MEDAN (Waspada): Ketua Jaringan Masyarakat Pemantau Polisi (Jampi) Sumatera Utara (Sumut) mendesak Pemkab Mandailing Natal untuk tegas dan komit dengan yang sudah diputuskan untuk menutup aktivitas Penambang Emas Tanpa Izin (PETI) di Kec. Kotanopan, Selasa (28/11) lalu.

Hal ini diungkapkan Ketua JAMPI, Zakaria Rambe, Senin (11/12) ketika dihubungi via WhatsApp.

Zakaria yang akrab disapa Jack ini menilai, keputusan untuk menutup PETI di Kotanopan sudah tepat. Hal ini dikarenakan efek dari PETI di Kotanopan lebih besar dampaknya dibandingkan hasil yang didapat dari PETI tersebut.

“Keputusan untuk menutup PETI sudah tepat. Apa ada yang mau bertanggungjawab jika ada korban jiwa akibat kerusakan lingkungan akibat PETI. Jangan dilihat untungnya saja, tapi lihat juga dampaknya,” ungkapnya

Selain itu, Zakaria juga menuturkan, berdasarkan hukum, apa yang terjadi di Kotanopan merupakan kegiatan ilegal. Negara sudah menetapkan wilayah-wilayah mana saja yang hasil alamnya bisa dieksplorasi. Sehingga jika ada kelompok atau orang yang melakukan eksplorasi di luar wilayah yang ditetapkan oleh negara dinyatakan ilegal.

“Indonesia ini negara hukum. Negara juga menentukan kawasan-kawasan mana saja yang boleh di eksplorasi. Di luar wilayah itu, sama saja ilegal dan ada aturan hukumnya,” terang Zakaria Rambe yang juga seorang praktisi hukum ini.

Dia pun mengatakan polemik di masyarakat saat ini tentang penutupan PETI tak mendasar. Hal ini dikarenakan seolah-olah masyarakat dibenturkan oleh oknum-oknum yang hanya ingin keuntungan saja. Tanpa melihat sebab akibatnya.

Bahkan dia pun menguraikan, metode penambangan secara tradisional tidak pernah ada larangan. Hanya saja tidak boleh menggunakan zat-zat kimia berbahaya dan melakukan pengrusakan lingkungan.

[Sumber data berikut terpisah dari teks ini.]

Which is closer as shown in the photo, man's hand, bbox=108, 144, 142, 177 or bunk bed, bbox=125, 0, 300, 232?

“Logika saja berpikirnya, berapa besar keuntungan menambang dengan alat tradisional dibandingkan dengan alat berat. Dan mana yang efeknya lebih besar kerusakan alamnya. Jadi masyarakat di bawah sana pun harus sadar, berapa banyak kerusakan yang mereka rasakan jika PETI dengan alat berat terus dibiarkan,” katanya lagi

Sementara itu, Kepala Dinas Lingkungan Hidup Kabupaten Madina, Khoirul Lubis, ST yang dikonfirmasi mengatakan hingga saat ini Pemkab Madina tidak ada mengubah keputusan hasil rapat koordinasi Forum Komunikasi Pimpinan Daerah (Forkopimda) Madina beberapa waktu lalu.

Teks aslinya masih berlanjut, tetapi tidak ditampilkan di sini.